There are three types of potential estate taxes that need to be considered when planning one’s estate:
Federal Estate Tax: The IRS imposes significant taxes on a descendant’s estate. Property subject to federal estate tax (called the “gross taxable estate”), includes most or all of a decedent’s assets, including assets held in trust or otherwise avoiding probate. There are key exemptions and credits that can eliminate this tax completely for many individuals.
Generation-Skipping Transfer (GST) Tax: gifts made to relatives more than one generation away (i.e. grandchildren, etc.) are subject to GST taxes.
Missouri Estate Tax: Missouri currently does not impose any state-level estate tax.
Property that you own when you die is typically controlled by the terms of your Will, if you have one. There are numerous exceptions to this rule (such as the use of trusts, beneficiary designations and other planning) that can effectively help someone avoid probate.
A Will, when prepared and signed properly, will direct where your assets go—whether to family members, friends, a charity or somewhere else. However, many people mistakenly believe that having a Will effectively keeps their property and assets out of probate—believing that probate is only for people that had no Will. This is simply untrue. While a Will is effective at authoritatively directing the distribution of assets, such distribution is accomplished directly by the probate process and is subject to the cost and time required. Will or no Will, property would typically go through probate (or a similar court process) unless some additional planning has taken place prior to death. However, there are many estate planning options and tools to effectively avoid probate while accomplishing additional goals, as well. A Will can be an important component of planning—but a Will alone will not keep your assets out of probate.
Probate is the court-supervised process for transferring property following the death of the owner. The goal of probate is to transfer a decedent’s (someone who has died) property to his or her heirs or other directed recipients. This would occur after paying debts owed to creditors. The probate process typically involves the following general steps:
- Hiring of an attorney
- Opening of the estate with the probate court (filing various documents)

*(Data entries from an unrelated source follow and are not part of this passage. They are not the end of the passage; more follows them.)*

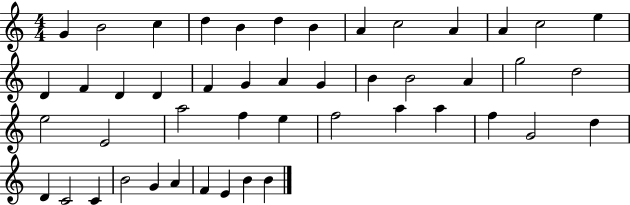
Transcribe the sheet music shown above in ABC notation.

X:1
T:Untitled
M:4/4
L:1/4
K:C
G B2 c d B d B A c2 A A c2 e D F D D F G A G B B2 A g2 d2 e2 E2 a2 f e f2 a a f G2 d D C2 C B2 G A F E B B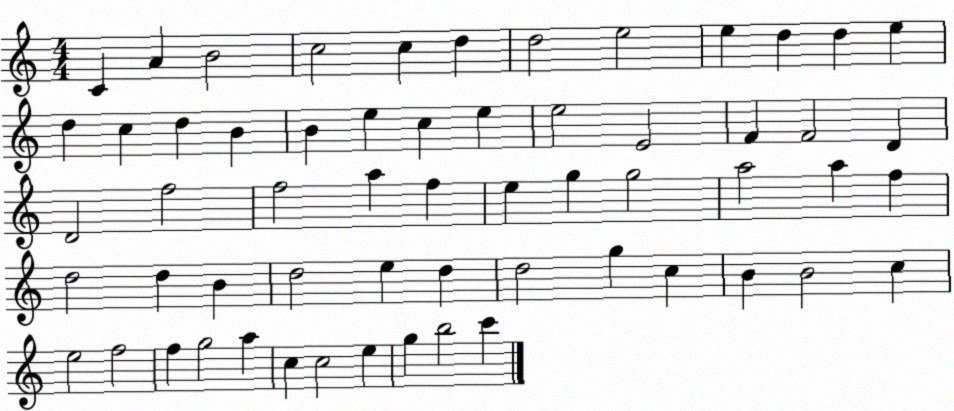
X:1
T:Untitled
M:4/4
L:1/4
K:C
C A B2 c2 c d d2 e2 e d d e d c d B B e c e e2 E2 F F2 D D2 f2 f2 a f e g g2 a2 a f d2 d B d2 e d d2 g c B B2 c e2 f2 f g2 a c c2 e g b2 c'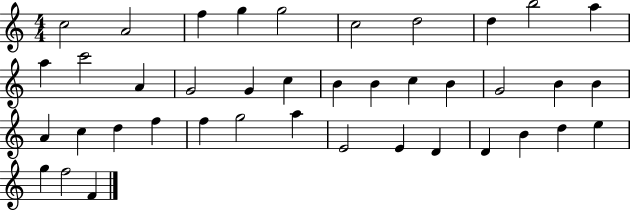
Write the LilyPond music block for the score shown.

{
  \clef treble
  \numericTimeSignature
  \time 4/4
  \key c \major
  c''2 a'2 | f''4 g''4 g''2 | c''2 d''2 | d''4 b''2 a''4 | \break a''4 c'''2 a'4 | g'2 g'4 c''4 | b'4 b'4 c''4 b'4 | g'2 b'4 b'4 | \break a'4 c''4 d''4 f''4 | f''4 g''2 a''4 | e'2 e'4 d'4 | d'4 b'4 d''4 e''4 | \break g''4 f''2 f'4 | \bar "|."
}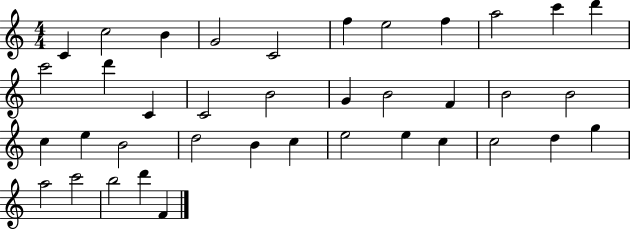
X:1
T:Untitled
M:4/4
L:1/4
K:C
C c2 B G2 C2 f e2 f a2 c' d' c'2 d' C C2 B2 G B2 F B2 B2 c e B2 d2 B c e2 e c c2 d g a2 c'2 b2 d' F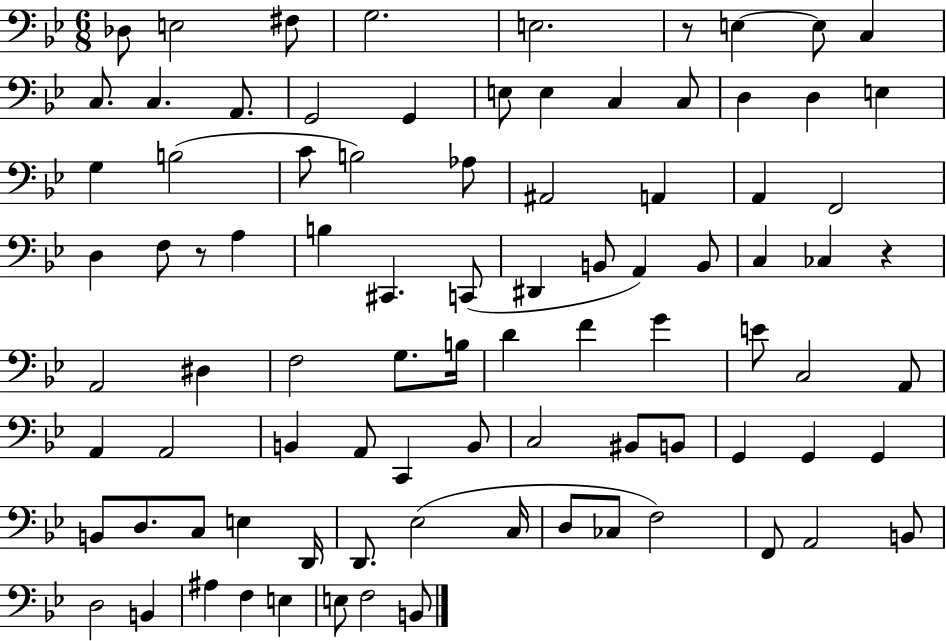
{
  \clef bass
  \numericTimeSignature
  \time 6/8
  \key bes \major
  des8 e2 fis8 | g2. | e2. | r8 e4~~ e8 c4 | \break c8. c4. a,8. | g,2 g,4 | e8 e4 c4 c8 | d4 d4 e4 | \break g4 b2( | c'8 b2) aes8 | ais,2 a,4 | a,4 f,2 | \break d4 f8 r8 a4 | b4 cis,4. c,8( | dis,4 b,8 a,4) b,8 | c4 ces4 r4 | \break a,2 dis4 | f2 g8. b16 | d'4 f'4 g'4 | e'8 c2 a,8 | \break a,4 a,2 | b,4 a,8 c,4 b,8 | c2 bis,8 b,8 | g,4 g,4 g,4 | \break b,8 d8. c8 e4 d,16 | d,8. ees2( c16 | d8 ces8 f2) | f,8 a,2 b,8 | \break d2 b,4 | ais4 f4 e4 | e8 f2 b,8 | \bar "|."
}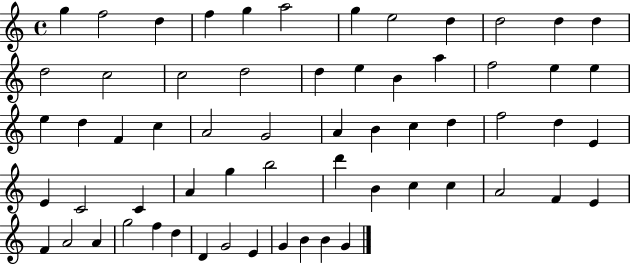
{
  \clef treble
  \time 4/4
  \defaultTimeSignature
  \key c \major
  g''4 f''2 d''4 | f''4 g''4 a''2 | g''4 e''2 d''4 | d''2 d''4 d''4 | \break d''2 c''2 | c''2 d''2 | d''4 e''4 b'4 a''4 | f''2 e''4 e''4 | \break e''4 d''4 f'4 c''4 | a'2 g'2 | a'4 b'4 c''4 d''4 | f''2 d''4 e'4 | \break e'4 c'2 c'4 | a'4 g''4 b''2 | d'''4 b'4 c''4 c''4 | a'2 f'4 e'4 | \break f'4 a'2 a'4 | g''2 f''4 d''4 | d'4 g'2 e'4 | g'4 b'4 b'4 g'4 | \break \bar "|."
}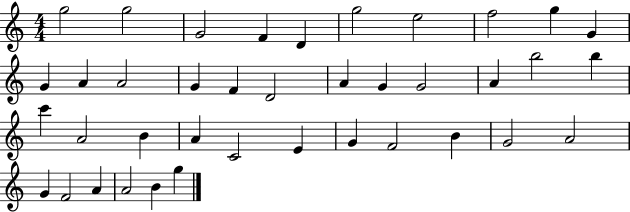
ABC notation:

X:1
T:Untitled
M:4/4
L:1/4
K:C
g2 g2 G2 F D g2 e2 f2 g G G A A2 G F D2 A G G2 A b2 b c' A2 B A C2 E G F2 B G2 A2 G F2 A A2 B g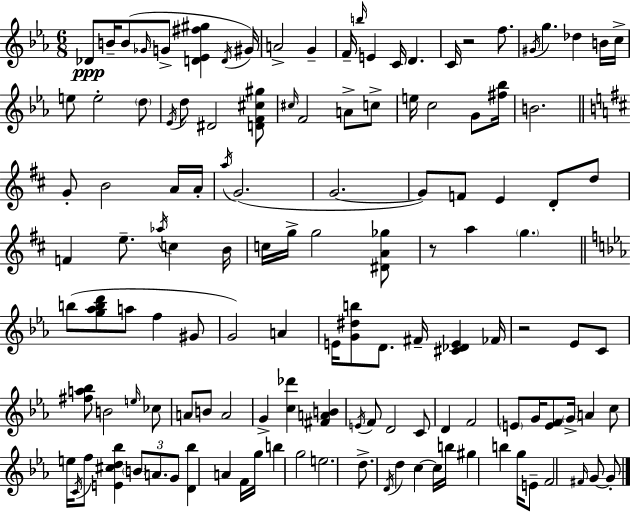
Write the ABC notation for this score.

X:1
T:Untitled
M:6/8
L:1/4
K:Eb
_D/2 B/4 B/2 _G/4 G/2 [D_E^f^g] D/4 ^G/4 A2 G F/4 b/4 E C/4 D C/4 z2 f/2 ^G/4 g _d B/4 c/4 e/2 e2 d/2 _E/4 d/2 ^D2 [DF^c^g]/2 ^c/4 F2 A/2 c/2 e/4 c2 G/2 [^f_b]/4 B2 G/2 B2 A/4 A/4 a/4 G2 G2 G/2 F/2 E D/2 d/2 F e/2 _a/4 c B/4 c/4 g/4 g2 [^DA_g]/2 z/2 a g b/2 [g_abd']/2 a/2 f ^G/2 G2 A E/4 [G^db]/2 D/2 ^F/4 [^C_DE] _F/4 z2 _E/2 C/2 [^fa_b]/2 B2 e/4 _c/2 A/2 B/2 A2 G [c_d'] [^FAB] E/4 F/2 D2 C/2 D F2 E/2 G/4 [EF]/2 G/4 A c/2 e/4 C/4 f/2 [E^cd_b] B/2 A/2 G/2 [D_b] A F/4 g/4 b g2 e2 d/2 D/4 d c c/4 b/4 ^g b g/4 E/2 F2 ^F/4 G/2 G/2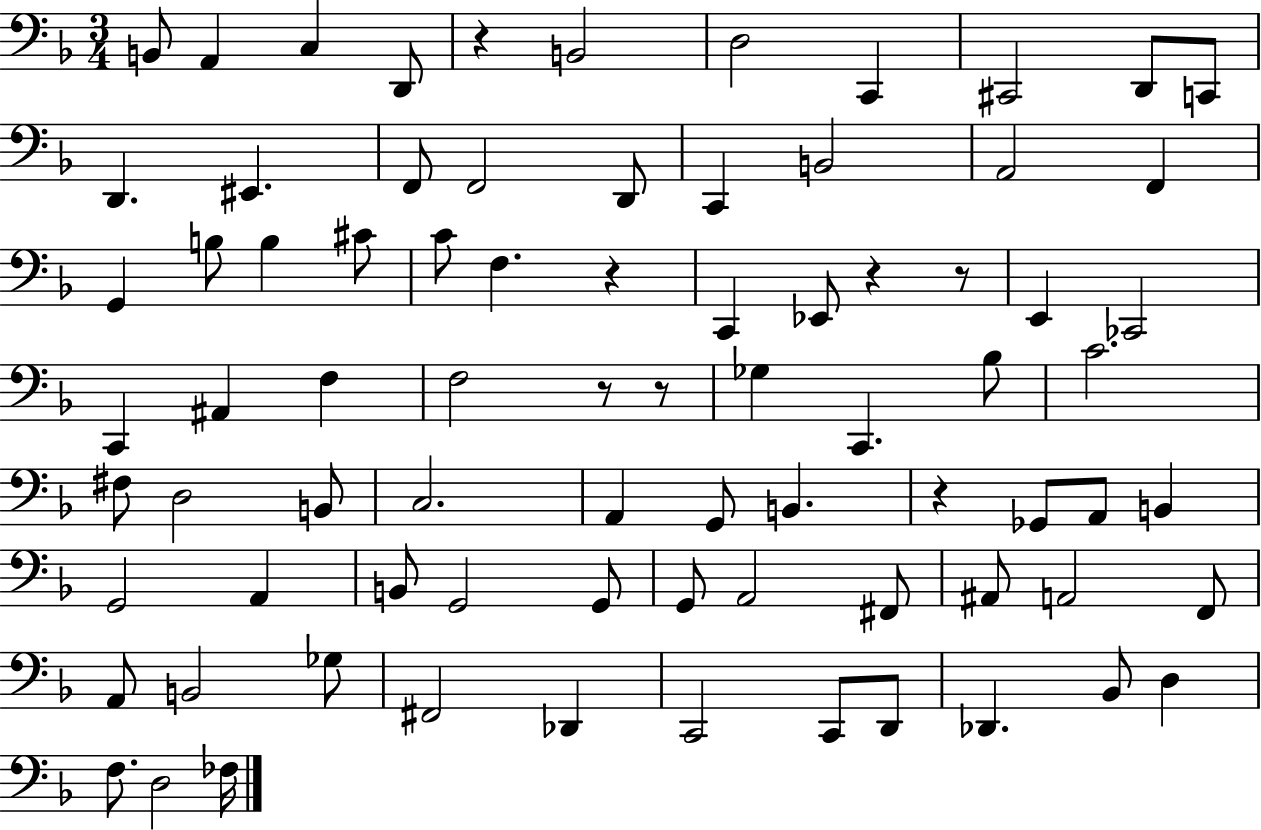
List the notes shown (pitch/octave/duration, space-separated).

B2/e A2/q C3/q D2/e R/q B2/h D3/h C2/q C#2/h D2/e C2/e D2/q. EIS2/q. F2/e F2/h D2/e C2/q B2/h A2/h F2/q G2/q B3/e B3/q C#4/e C4/e F3/q. R/q C2/q Eb2/e R/q R/e E2/q CES2/h C2/q A#2/q F3/q F3/h R/e R/e Gb3/q C2/q. Bb3/e C4/h. F#3/e D3/h B2/e C3/h. A2/q G2/e B2/q. R/q Gb2/e A2/e B2/q G2/h A2/q B2/e G2/h G2/e G2/e A2/h F#2/e A#2/e A2/h F2/e A2/e B2/h Gb3/e F#2/h Db2/q C2/h C2/e D2/e Db2/q. Bb2/e D3/q F3/e. D3/h FES3/s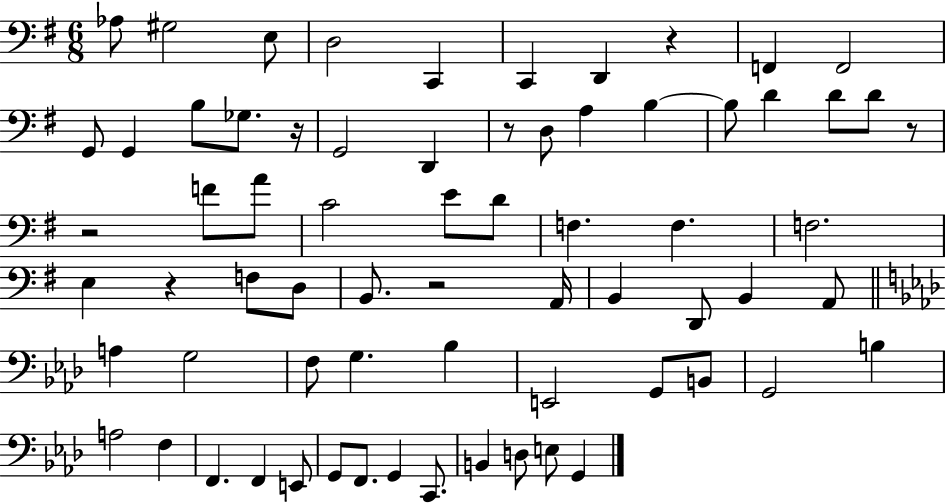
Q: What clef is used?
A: bass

- Submission of the will (if there is one) to the court
- Appointment, by the court, of a personal representative of the estate
- Taking and reporting of the inventory of assets of the estate
- Payment of debts of the estate and settlement of similar matters
- Providing legally required notices to the public and to certain individuals
- Distribution of the assets of the estate to intended or legally entitled recipients
- Order of discharge from the court; closing of the estate
Very modest estates are often subject to a minimized probate process. For example, if a decedent’s total assets do not exceed $40,000 of value, an “affidavit of small estate” may be able to be filed with the probate court. With this process, much of probate’s formality is dispensed and the process is typically shorter and less costly than full probate. It is important to note that the $40,000 maximum applies only to assets that are part of the probate estate (whereas trust assets, life insurance proceeds and some other accounts are often not part of the probate estate). In some situations, additional options may also be available that could be even simpler—such as seeking a “creditor’s refusal of letters” or “spousal refusal of letters.” There are also situations where filing a petition for “determination of heirship” is appropriate and may allow for an expedited process through the probate court. When undertaking estate planning, our goal is almost always to avoid probate completely. However, when confronted with situations where probate is needed, we are committed to handling it as quickly and smoothly as possible.